After thanking the trainers for the class, we all disbanded pretty quick. I decided to run the 3/4 mile home, and... lol. I was amazing to find that even though I felt fine physically I could barely run, the muscles around my knees were really having a hard time holding my legs, they wanted to give out. I ran about 4-5 blocks at half intensity (a solid run but low speed) and decided it was just too dangerous in the wet. Walked the rest of the way home, then ran up the stairs all 12 floors to the roof to chill out.

It was a very good day - I'm obviously excited about it, as you can tell by the length of this post. I have a strange mix of pride and expectation, as you can also tell. I am definitely proud of my fitness level compared to a few years ago - it might not be as high as it was at peak last summer before I broke my toe, but that class would have completely wrecked me in January '08 and I probably would've hit my physical limit well before my mental limit.

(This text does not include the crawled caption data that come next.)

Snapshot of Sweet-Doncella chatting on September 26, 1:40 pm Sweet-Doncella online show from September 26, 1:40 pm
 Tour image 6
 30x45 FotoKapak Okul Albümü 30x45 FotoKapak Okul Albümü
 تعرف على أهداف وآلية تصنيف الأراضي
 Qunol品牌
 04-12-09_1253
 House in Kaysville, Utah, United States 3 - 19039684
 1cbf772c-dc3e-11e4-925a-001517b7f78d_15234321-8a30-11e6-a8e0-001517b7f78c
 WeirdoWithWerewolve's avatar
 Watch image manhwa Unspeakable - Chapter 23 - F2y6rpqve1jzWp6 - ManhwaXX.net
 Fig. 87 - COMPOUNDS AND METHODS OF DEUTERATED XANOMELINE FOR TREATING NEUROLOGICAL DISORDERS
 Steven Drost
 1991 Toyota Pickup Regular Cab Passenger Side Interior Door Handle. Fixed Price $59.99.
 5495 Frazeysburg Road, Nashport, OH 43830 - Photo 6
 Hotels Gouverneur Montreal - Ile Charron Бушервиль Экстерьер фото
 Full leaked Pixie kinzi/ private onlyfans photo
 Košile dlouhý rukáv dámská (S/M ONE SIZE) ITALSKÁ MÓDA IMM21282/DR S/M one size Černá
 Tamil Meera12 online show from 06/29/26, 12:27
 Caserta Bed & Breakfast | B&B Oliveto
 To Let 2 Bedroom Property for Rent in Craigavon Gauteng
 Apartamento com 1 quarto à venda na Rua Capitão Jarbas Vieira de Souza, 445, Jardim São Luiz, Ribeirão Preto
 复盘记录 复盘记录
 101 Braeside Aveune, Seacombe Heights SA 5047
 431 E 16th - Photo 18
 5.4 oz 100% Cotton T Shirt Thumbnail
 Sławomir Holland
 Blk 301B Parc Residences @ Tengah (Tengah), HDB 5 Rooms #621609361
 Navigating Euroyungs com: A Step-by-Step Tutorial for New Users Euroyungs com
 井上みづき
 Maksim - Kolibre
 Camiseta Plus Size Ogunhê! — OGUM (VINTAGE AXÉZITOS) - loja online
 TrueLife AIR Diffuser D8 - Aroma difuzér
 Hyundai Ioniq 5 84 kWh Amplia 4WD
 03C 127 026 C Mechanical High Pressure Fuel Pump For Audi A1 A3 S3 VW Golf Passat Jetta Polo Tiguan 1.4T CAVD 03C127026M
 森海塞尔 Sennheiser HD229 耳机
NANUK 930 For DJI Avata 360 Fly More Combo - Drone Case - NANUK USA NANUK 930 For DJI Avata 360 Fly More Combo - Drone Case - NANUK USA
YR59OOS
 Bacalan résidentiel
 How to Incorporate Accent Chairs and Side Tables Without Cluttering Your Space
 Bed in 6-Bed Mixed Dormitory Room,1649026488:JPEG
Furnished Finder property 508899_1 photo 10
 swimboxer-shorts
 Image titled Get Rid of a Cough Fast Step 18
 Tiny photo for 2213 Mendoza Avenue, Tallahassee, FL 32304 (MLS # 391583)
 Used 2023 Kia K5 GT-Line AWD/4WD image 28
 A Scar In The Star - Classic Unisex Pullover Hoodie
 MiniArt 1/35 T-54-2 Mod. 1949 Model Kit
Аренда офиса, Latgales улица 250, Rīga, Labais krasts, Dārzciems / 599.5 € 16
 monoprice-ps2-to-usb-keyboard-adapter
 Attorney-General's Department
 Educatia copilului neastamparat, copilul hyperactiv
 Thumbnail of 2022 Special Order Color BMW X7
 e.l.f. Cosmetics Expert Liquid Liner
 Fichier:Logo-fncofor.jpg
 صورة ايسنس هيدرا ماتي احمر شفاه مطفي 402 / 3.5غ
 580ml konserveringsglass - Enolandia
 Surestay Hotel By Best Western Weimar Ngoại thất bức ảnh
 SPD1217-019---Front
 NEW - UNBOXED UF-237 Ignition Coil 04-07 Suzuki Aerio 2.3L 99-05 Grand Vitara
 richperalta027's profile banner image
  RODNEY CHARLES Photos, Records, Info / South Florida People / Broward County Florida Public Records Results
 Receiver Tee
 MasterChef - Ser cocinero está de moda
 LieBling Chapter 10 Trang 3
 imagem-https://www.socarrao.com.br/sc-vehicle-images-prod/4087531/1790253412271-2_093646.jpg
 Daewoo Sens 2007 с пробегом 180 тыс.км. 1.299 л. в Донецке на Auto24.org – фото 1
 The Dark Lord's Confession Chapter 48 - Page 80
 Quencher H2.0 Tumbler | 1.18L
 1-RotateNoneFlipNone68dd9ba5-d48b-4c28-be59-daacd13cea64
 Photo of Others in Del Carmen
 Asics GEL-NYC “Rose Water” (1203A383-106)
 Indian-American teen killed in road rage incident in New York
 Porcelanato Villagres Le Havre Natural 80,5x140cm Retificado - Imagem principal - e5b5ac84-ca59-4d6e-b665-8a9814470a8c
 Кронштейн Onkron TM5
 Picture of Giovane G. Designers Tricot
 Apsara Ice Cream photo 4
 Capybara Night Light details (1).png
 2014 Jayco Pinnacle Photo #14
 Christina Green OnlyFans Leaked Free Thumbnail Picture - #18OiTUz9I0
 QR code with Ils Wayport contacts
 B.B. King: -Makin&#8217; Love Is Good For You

Instead today I hit my mental limit first (my mind telling me to take it easy and not worry about landing that fifth perfect landing at the end of the class) and I pushed right through it - but safely, thank god. (last time I "pushed through it" I ended up with a torn quad, the time before that I torched my knee and couldn't run for a month... somehow it's easier for me to push through true pain than just weakness, I tend to give up at the latter)

At the same time however, I can clearly see how this class is going to massively improve and push my physical and mental limits. My knee strength definitely needs to improve. My core is solid but can improve as well - I could feel it in my core the entire hour. On top of that, I'm going to be pushed repeatedly to the point where my body wants to stop and will be forced to go past it - even if it will be fine thirty seconds later, continuing to push through that instead of just stopping like I normally do will be awesome.